Although Grau was duly impressed, he also thought that Farrar would benefit from European training before making her debut. But as a consolation prize, he offered her a slot singing at one of the Met’s Sunday night concerts.
“No, thank you, Mr. Grau,” I replied. (No tame concert appearances after my imagination had been dazzled by a possible début in opera!)
“But it might be valuable to you to have your name on the billboards of the Metropolitan Opera House,” he urged good-naturedly.
“You will see it there some day,” I replied with firm conviction.
Farrar’s unflappable (some would say unfeminine) self-confidence must have been a sight to behold, even in an art form famous for its egos. But her confidence wasn’t misplaced. Geraldine Farrar was exactly right: not only would she soon see her name on the Met’s billboards, she would eventually become one of the greatest operatic performers of her age.

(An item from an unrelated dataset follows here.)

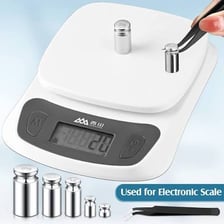 A small calibration weight beside a digital scale.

Geraldine Farrar was born in Melrose, Massachusetts, on 28 February 1882, a year after her parents’ wedding. Her father Sidney was a haberdashery store-owner and later the first baseman for the Philadelphia Phillies, and her eighteen-year-old mother Henrietta was the musically inclined daughter of a violin teacher. Both Farrars sang in the choir of the First Universalist Church of Melrose. So it was only natural that their only child would develop an interest in music. As a toddler, little Geraldine banged on piano keys and sang barrel organ airs. At three she sang at her first concert at church. When she finished, she walked to the edge of the platform and asked, “Did I do it well, mamma?” Her audience was entranced by her moxie.